What a small liberal-arts college has to sell is "the full experience," says Ryan R. Chapman, assistant director of admission. Prospective students aren’t just trying to decide "where do I want to sit in a class for the next four years," he says. "It’s where do I want to live for the next four years, and be surrounded by these people?"

About 90 families come to each Slice event, Ms. Dileno says, and last year about 60 of the visiting students put down deposits for fall housing after each of the weekends. But other colleges, too, are contacting the same students almost every day with invitations to visit their campuses. And with the advent of the Common Application and electronic filing, students are applying to more colleges than ever before, and being accepted to more, which means yet more competition.

Ms. Dehkordi, who plans on a premed major, says she was admitted to 10 colleges. She’s visiting Ohio Wesleyan from Colorado, and as she arrived for the overnight, California Polytechnic State University had a slight edge as her top option. But Ohio Wesleyan is her father’s alma mater, and it offered her the most financial aid of any of the colleges to which she was admitted, so it’s still in the running.

Ohio Wesleyan has paid her a lot of attention, too. She appreciated the emails and calls from her admissions counselor.

Of all the colleges that admitted her, she adds, only two have called her every week. She says that she did not intend to enroll at the other college, which she declines to name, but that its admissions staff was still calling her; in fact, it did so again during Sunday dinner at O-woo.

The Slice event and other campus visits are "the linchpin" of the university’s yield-marketing efforts, but what shapes students’ final decisions remains idiosyncratic and unpredictable, Ms. Dileno says. And sometimes the decisions aren’t simple choices based on how well students feel they fit in.

Gabe Jones says he loves Ohio Wesleyan’s close-knit community and small-town campus, and he’s eager to come here to study zoology. But his other top choice, nearby Otterbein University, is more affordable. His decision, he says, may come down to "a matter of making ends meet on my end."

Rising Need

In the end, the campus visit closed the deal for Ms. Dehkordi. The small classes she attended on Monday impressed her. The financial aid helped as well. She will attend Ohio Wesleyan in the fall. Ms. Paull, meanwhile, will attend the University of Dayton. Mr. Jones will attend Otterbein.

On the whole, the news was not good for Ohio Wesleyan.

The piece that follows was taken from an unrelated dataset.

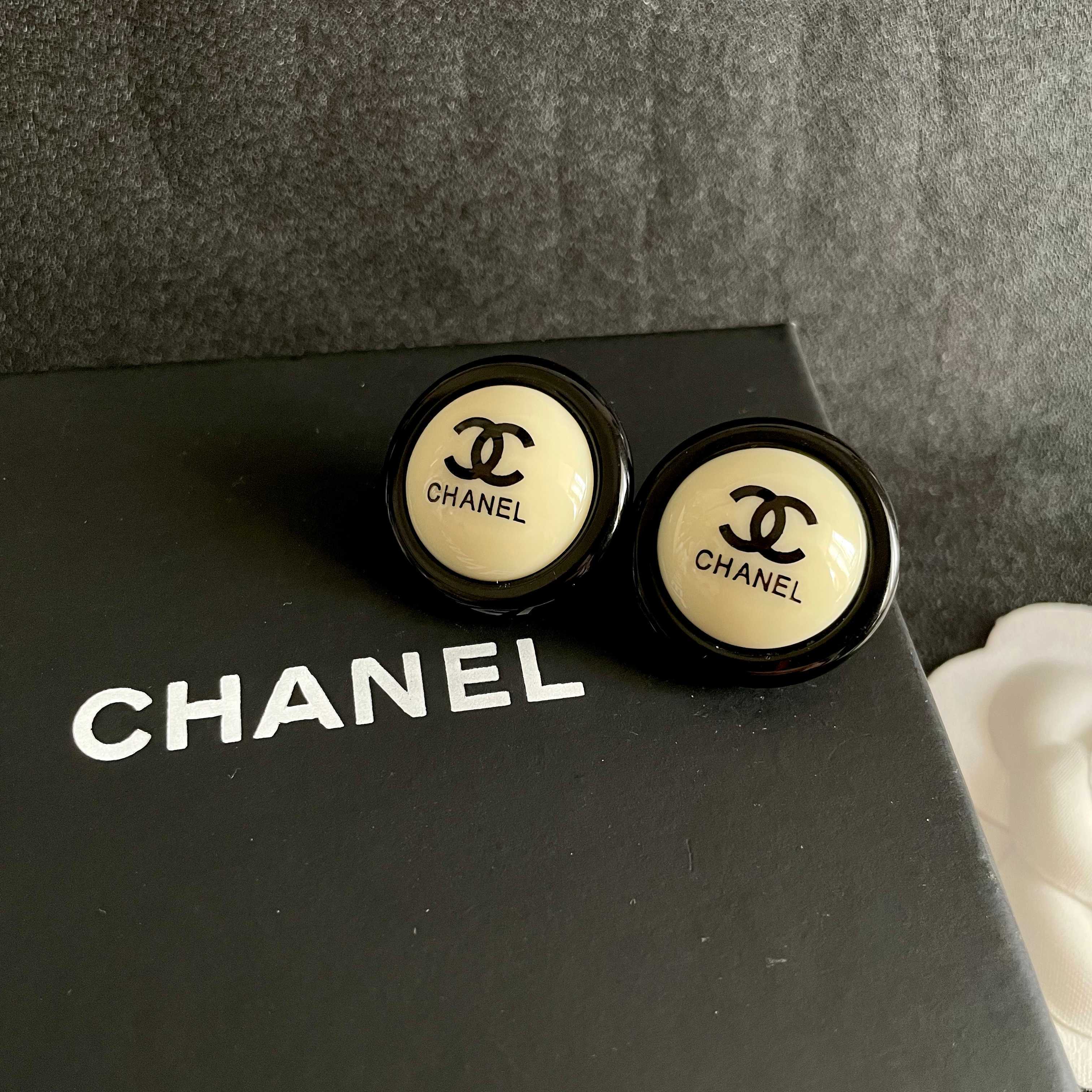 Chanel香奈儿 中古 双C耳钉👀原版复刻logo 小香家的款式真心无需多介绍😘🎶每一款都超好看，精致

As of May 1, the university was about 30 students short of its enrollment goal of 480.

Money, not marketing, presented the biggest challenge to filling the class, Ms. Dileno says. This year’s applicant pool was a needy one financially, she says. The median expected family contribution for the previous year’s pool was $14,367. For this year, it’s $13,177. But, while prospective students needed more aid, Ohio Wesleyan didn’t have much more to give than it did last year. In fact, tuition and fees rose by $1,310 from last fall. "We can’t fund all those with need," Ms. Dileno says, "and we’re watching that segment grow."

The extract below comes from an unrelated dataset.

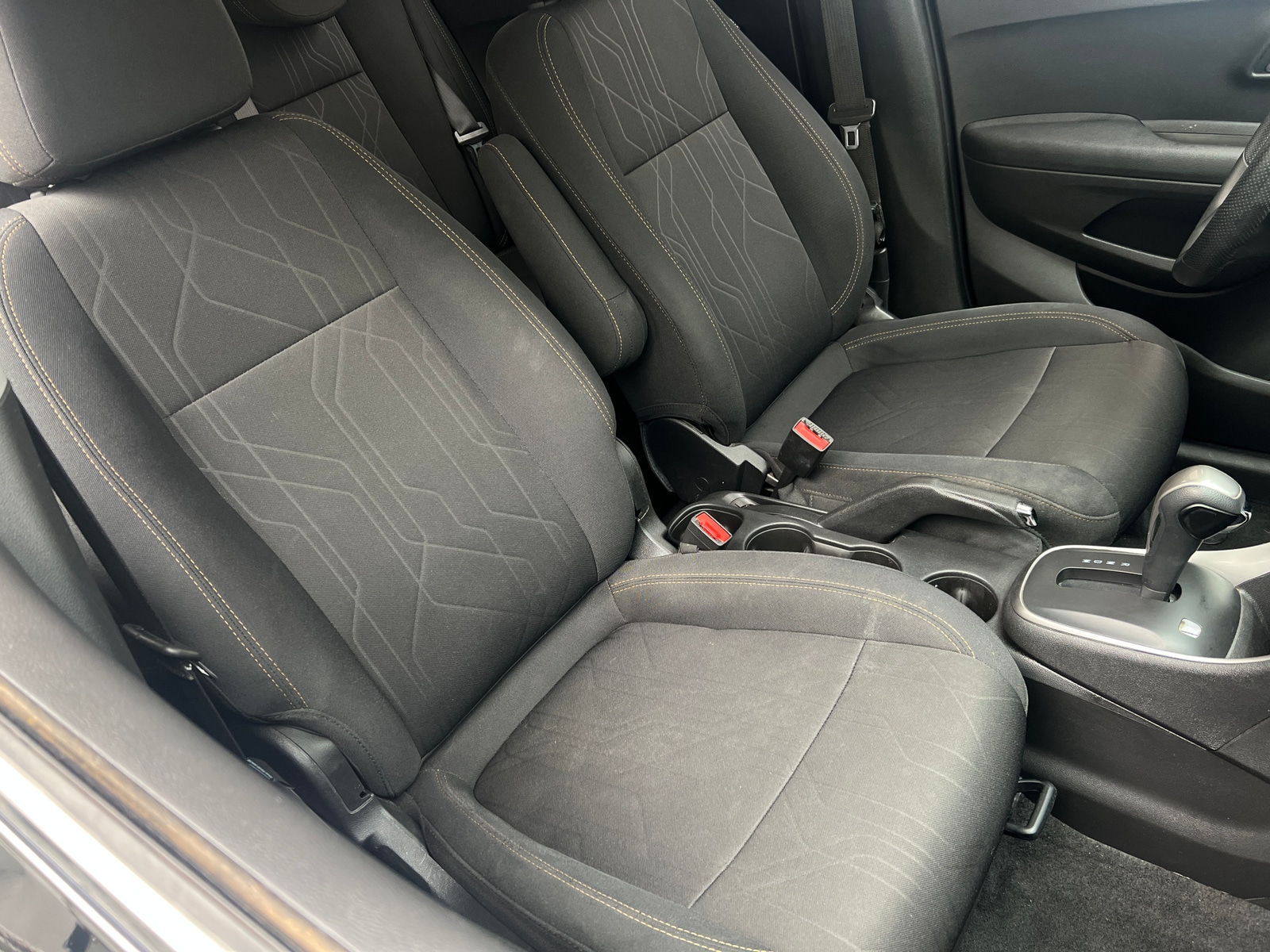 Thumbnail: 2020 Chevrolet Trax - 2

Ohio Wesleyan’s admissions staff is now working to fill seats with athletes, international students, and other late admissions. At the same time, the counselors have already started to reach out to high-school juniors for next year’s class.

Ms. Dileno, too, is looking ahead. Next year she might make some of the same types of appeals to prospective students, but before the last-minute burst of yield marketing. Spending the money and making the effort to reach students with some of the same tactics might make more sense in the fall, she says, when they might help build up the applicant pool.

But it remains tough to tell what prompts a given student to apply or, eventually, to enroll. "It’s just the randomest things," Ms. Dileno says. "It’s maddening."

Once, when she asked a student what had made the difference, he told her about an interaction with an admissions-staff member. That person had sent him a standard reminder about some missing information on his application, and at the bottom she had scribbled a smiley face. The smiley face did it.